*** SUPPLIED DATA
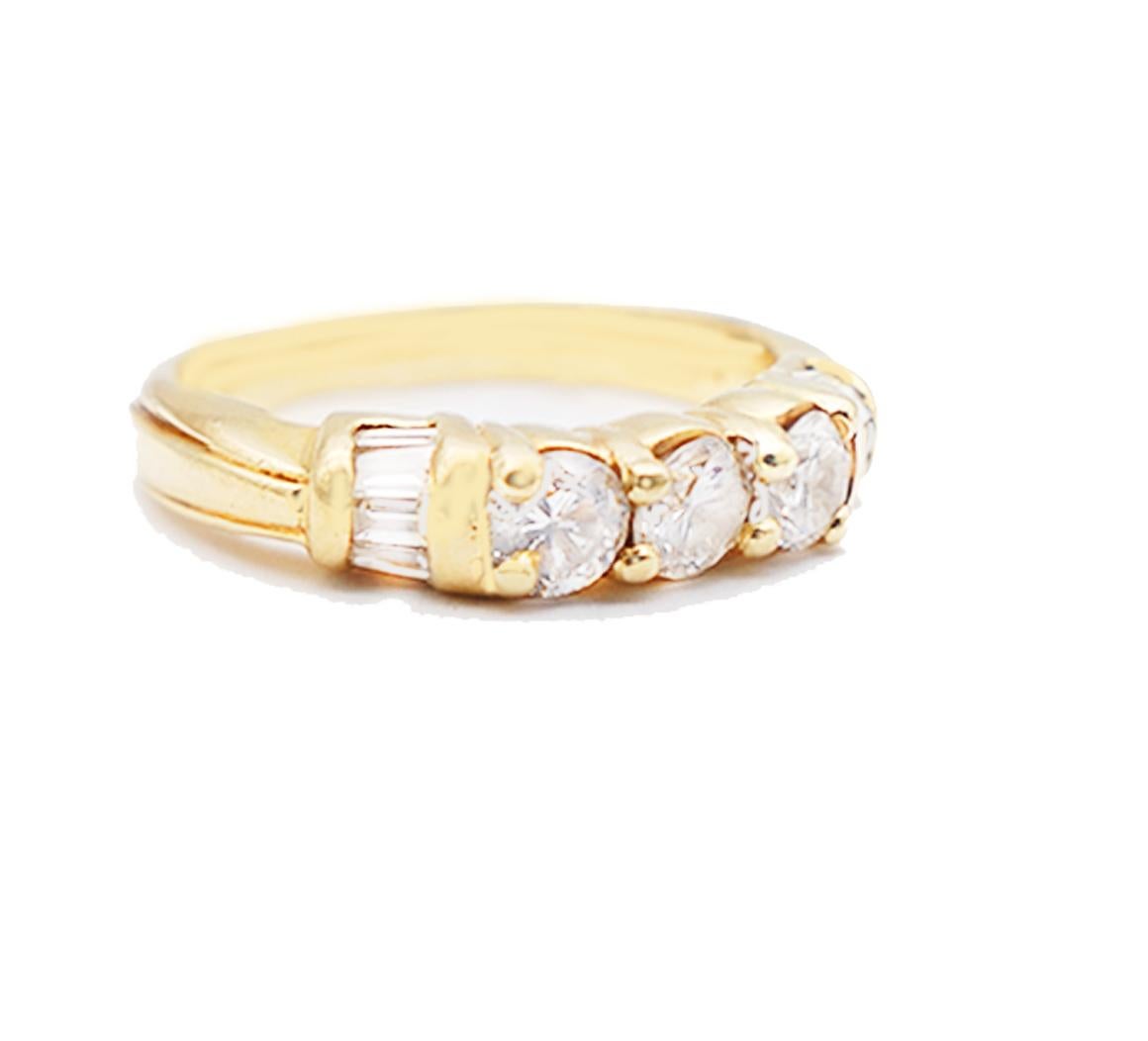 Traditional Engagement, Diamond Band set in 14 karat Yellow Gold.
3-stone diamonds are accented by baguettes on either sides. The center round diamonds are 4 mm. and have a total weight of .99 carat. 
On either side are  (10) baguette diamonds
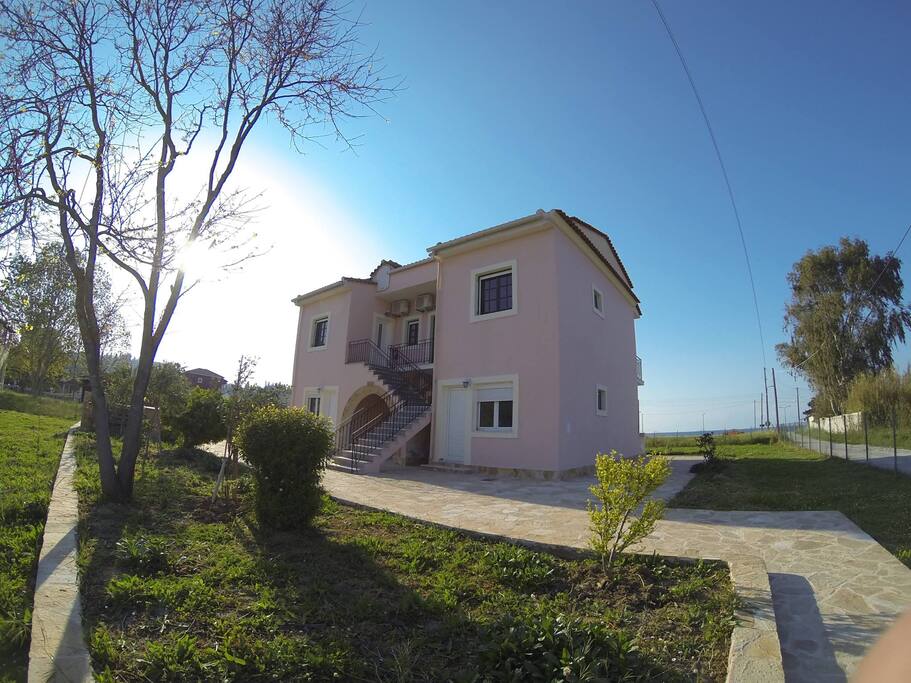 Well kept rental Corfu. Back yard of property of six apartments. Three on second floor and three on first floor. Balconies with beach view in front as you can see.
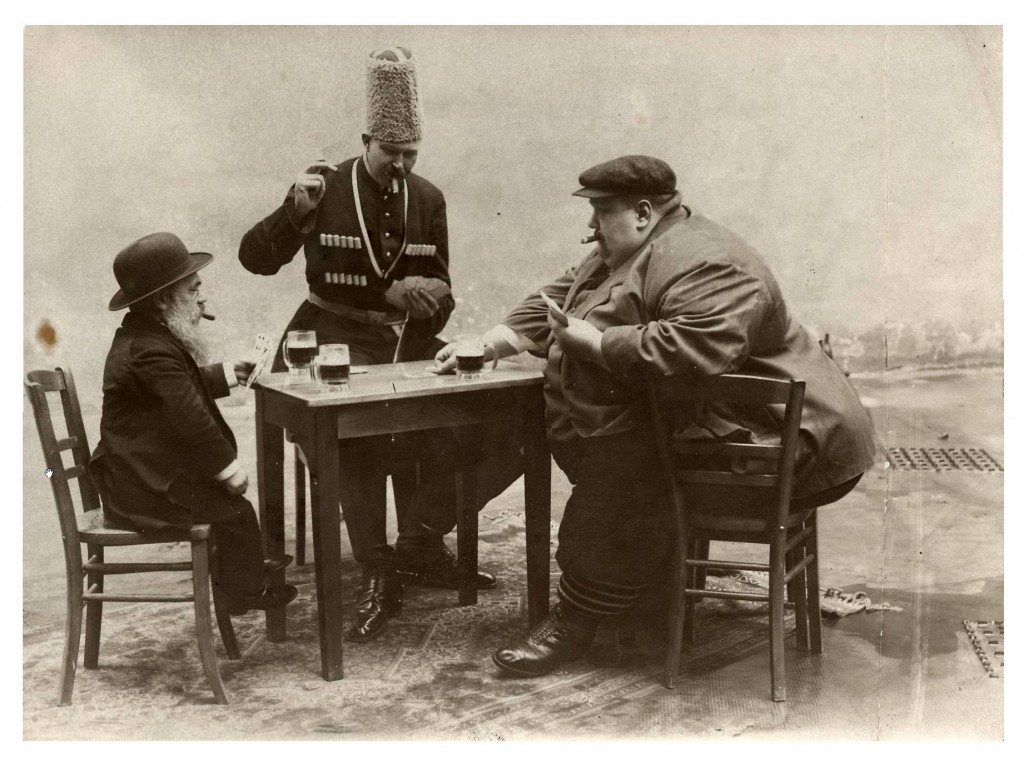 Un petit, un grand, et un gros jouent aux cartes en 1913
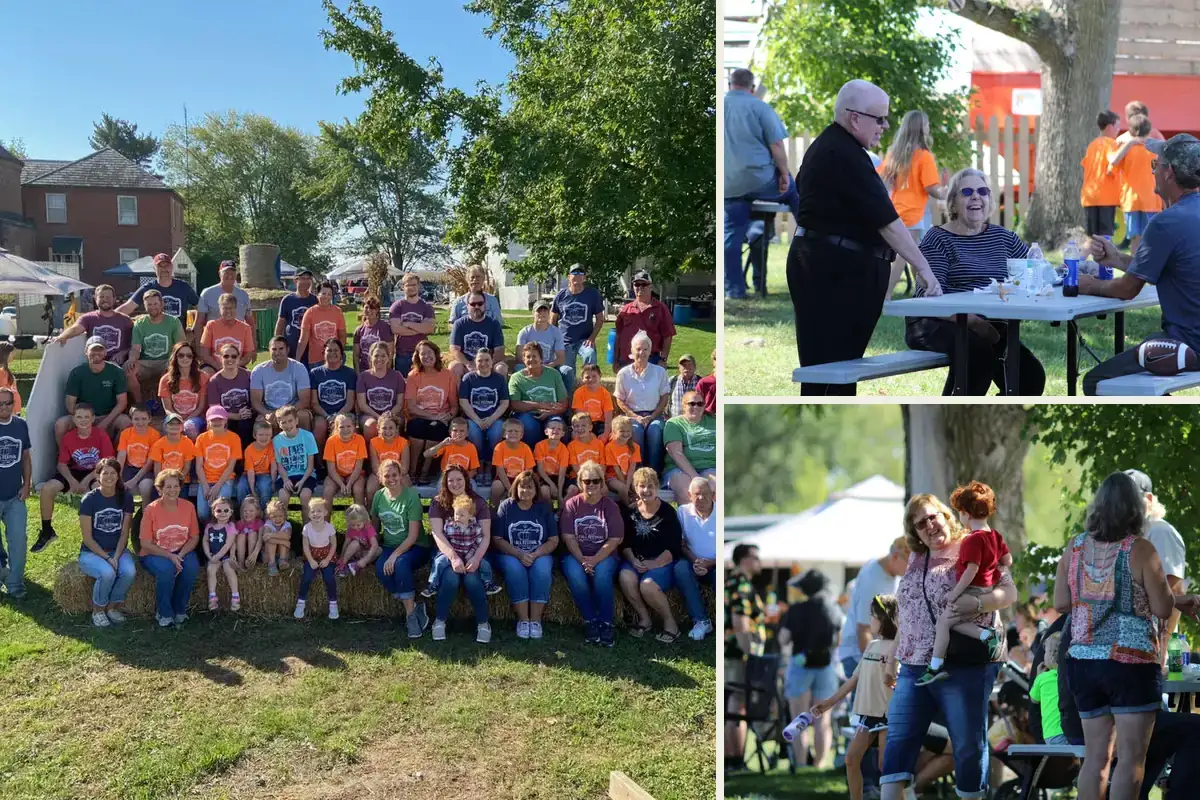Parish volunteers in festival shirts, visiting at the picnic tables, and the crowd under the trees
******
HOW TO COMPLETE THIS TASK
All lines from the one containing "On either side are" through the end of the data are to be restated exactly, with nothing else and without the pictures.

EXERCISE RESPONSE
On either side are  (10) baguette diamonds
 Well kept rental Corfu. Back yard of property of six apartments. Three on second floor and three on first floor. Balconies with beach view in front as you can see.
 Un petit, un grand, et un gros jouent aux cartes en 1913
Parish volunteers in festival shirts, visiting at the picnic tables, and the crowd under the trees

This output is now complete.